(Crawled caption data)
* * * * * * *

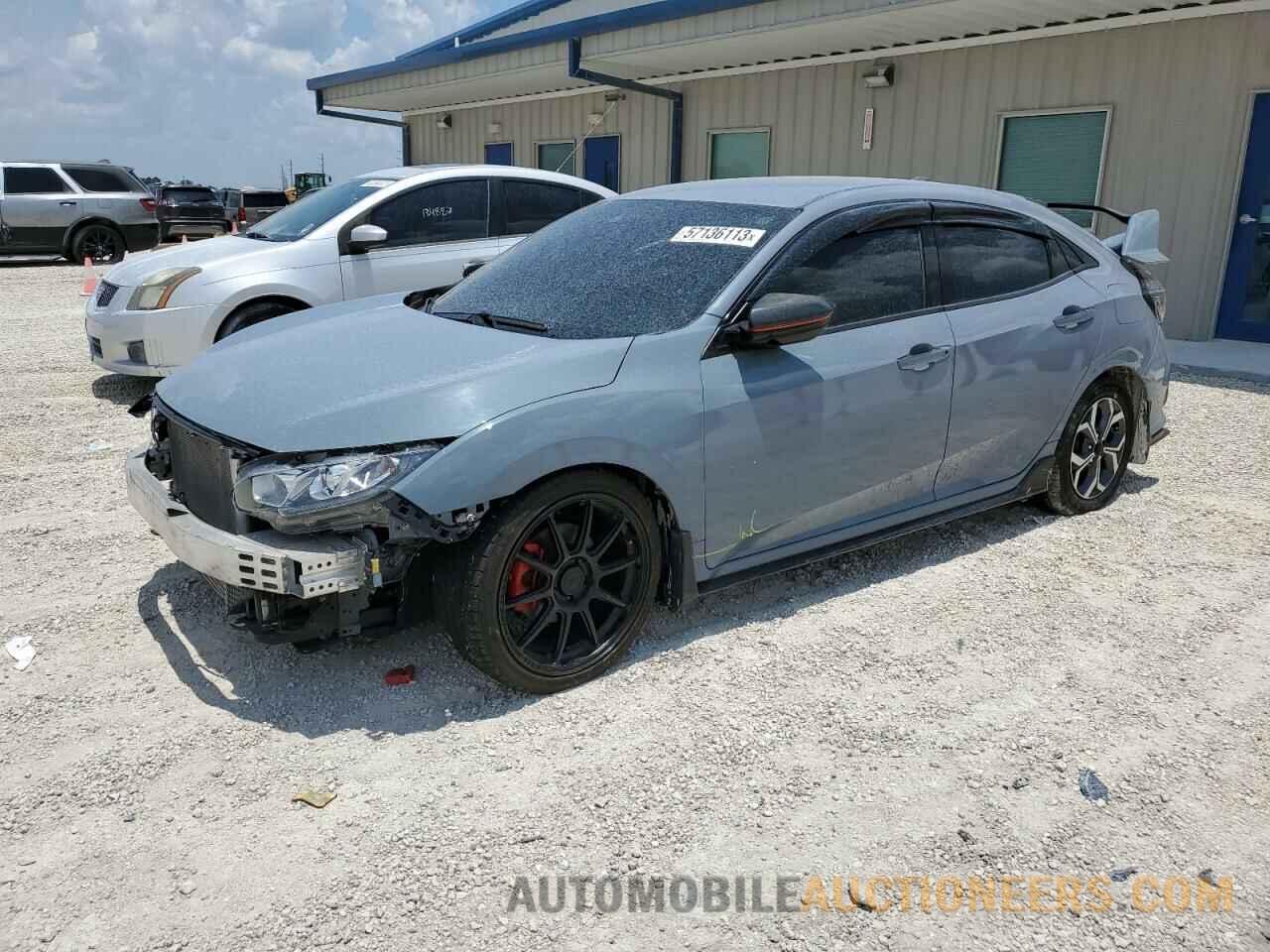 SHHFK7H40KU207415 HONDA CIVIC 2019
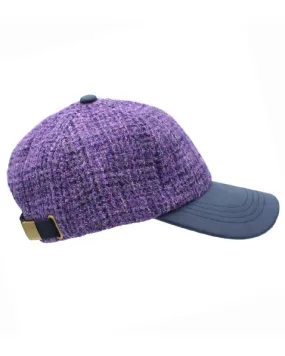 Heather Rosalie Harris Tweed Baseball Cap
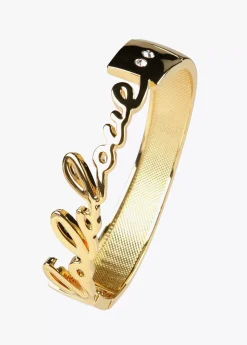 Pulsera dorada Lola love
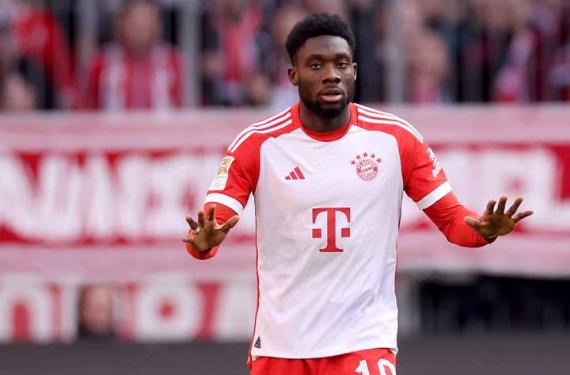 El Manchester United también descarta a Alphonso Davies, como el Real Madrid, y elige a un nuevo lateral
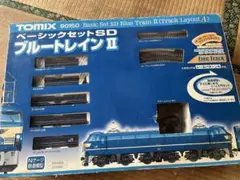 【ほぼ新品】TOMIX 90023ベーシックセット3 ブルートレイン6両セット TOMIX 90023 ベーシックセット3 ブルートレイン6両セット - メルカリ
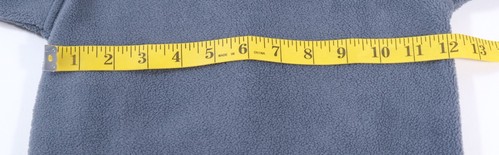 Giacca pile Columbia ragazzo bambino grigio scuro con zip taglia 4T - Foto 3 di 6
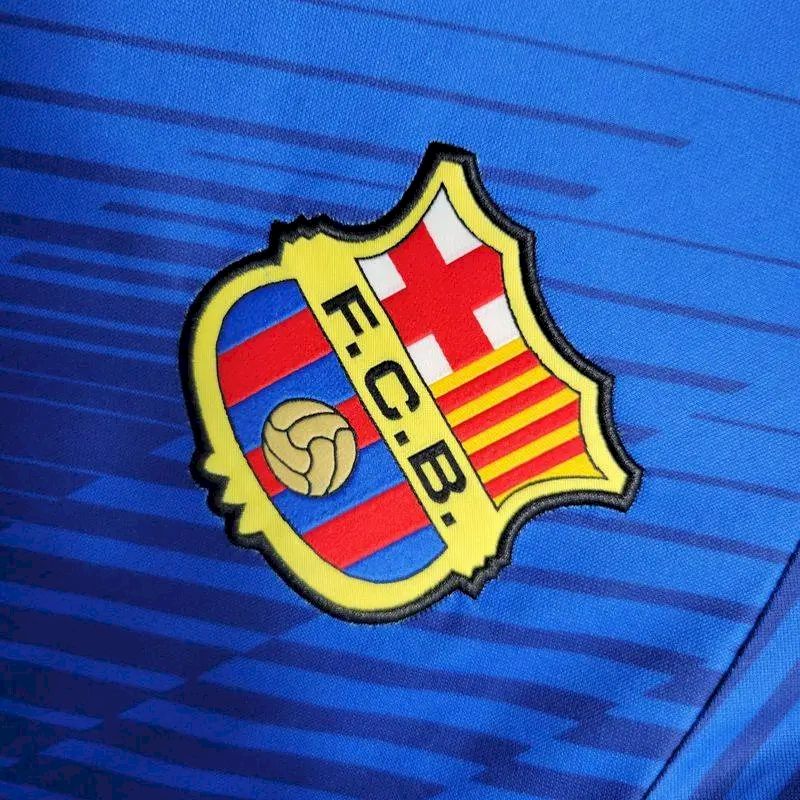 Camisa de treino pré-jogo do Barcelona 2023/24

* * * * * * *

> **TO DO**: All lines from the beginning of the entries above to the line containing "ブルートレイン6両セット - メルカリ", inclusive, should be printed exactly, apart from the pictures.

> **EXERCISE ANSWER**:
 SHHFK7H40KU207415 HONDA CIVIC 2019
 Heather Rosalie Harris Tweed Baseball Cap
 Pulsera dorada Lola love
 El Manchester United también descarta a Alphonso Davies, como el Real Madrid, y elige a un nuevo lateral
 【ほぼ新品】TOMIX 90023ベーシックセット3 ブルートレイン6両セット TOMIX 90023 ベーシックセット3 ブルートレイン6両セット - メルカリ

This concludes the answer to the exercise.